Request queuing in New Relic is often misinterpreted as "there's a bunch of unserved HTTP requests from users piled up in the (Puma/Thin/Unicorn/Passenger) queue! Oh no!". Thankfully - and somewhat confusingly - that's not the case at all. At Engine Yard, we added a custom header to nginx that would mark the point in time when nginx itself received the HTTP request. This is after it's been routed from the user, across the internet, to the first entry point of an application (wherever your A or AAAA record sticks to), and through the load balancer (in our case, haproxy), and finally to nginx. Then, as the request was processed by the application server in use - whatever it may have been - New Relic's agent code in your application would look for this header and subtract the time difference between then, and the point in time it executed that code. Hence, this isn't a queue at all, it's latency.

The article goes into more detail and shows you how you can use various tools for both Phusion Passenger and Unicorn - the latter requiring some custom code that I've distilled into a tool - to find out how many requests are ACTUALLY piled up under the hood in the global request queue.

The resulting tool for checking Unicorn request queue (for real), unicorn_status.rb, was a joint effort between myself, Adam Holt, and Christopher Rigor.

People using Phusion's excellent Passenger application server can get this information much easier: simply run passenger-status on the VM that's processing your application's requests.

How is request latency useful?

If this figure gets unreasonably high (what's "unreasonable" depends on your application and architecture, but in general up to around ~50-100ms of latency is "normal") it could be a signal that something is getting between your reverse proxy (e.g. nginx) and your application's ability to process request code.

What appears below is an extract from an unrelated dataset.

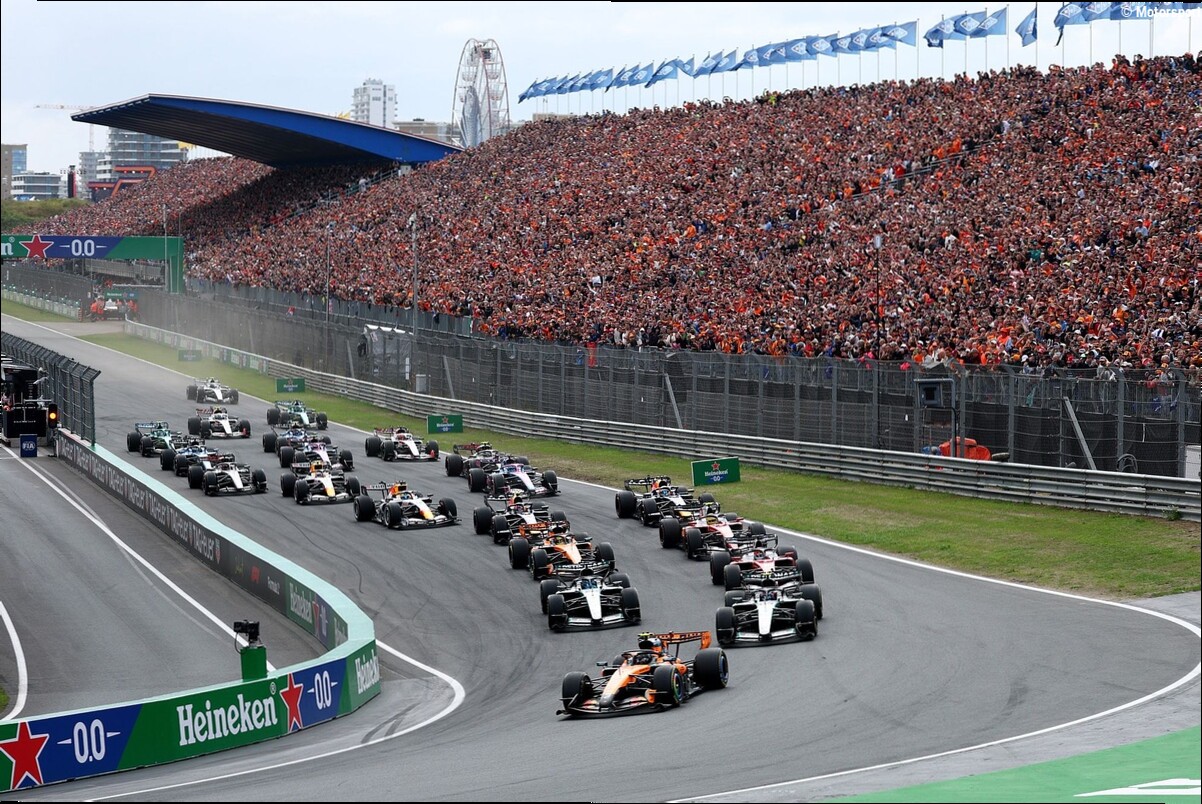 ¿Más comisarios en la F1? La propuesta para resolver antes los incidentes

Here's a non-exhaustive summary list of possible causes when you're seeing high request latency in your application environment:

  • Slow actions running as a "filter" before or around each request (e.g. before_filter in Rails);
  • Database queries that aren't optimized or have no indexes - perhaps introducing a memory cache could help;
  • Is the application server itself restarting or killing/respawning workers rather often? Check application server logs and system logs for memory consumption and OOM ("out of memory") events;
  • Are there network-level requests to external resources that happen as part of the request? (Think microservices, etc.) Consider an out-of-band worker to fetch once and cache for ~5 minutes or whatever's appropriate;
  • Is your application CPU intensive or running on underpowered hardware? Consider a vertical upgrade;
  • Is the VM your application runs on (or the fleet of VMs) pushing swap? free -m will show you if swap is being used and if it is, free up some memory or upgrade total memory capacity;
  • This is because, when a server needs and/or accesses swap, disk i/o - the speed at which a disk can read and/or write data - can be a huge bottleneck, even on solid state drives.
  • Check your overall database performance; are indexes properly utilized (or are you missing any?) Database triggers happening unnecessarily? Is the DB server itself just plain hammered under load (e.g. BI reporting tools running)? Consider setting up a replica and conducting reads from it exclusively for things like reporting and/or long running processing tasks.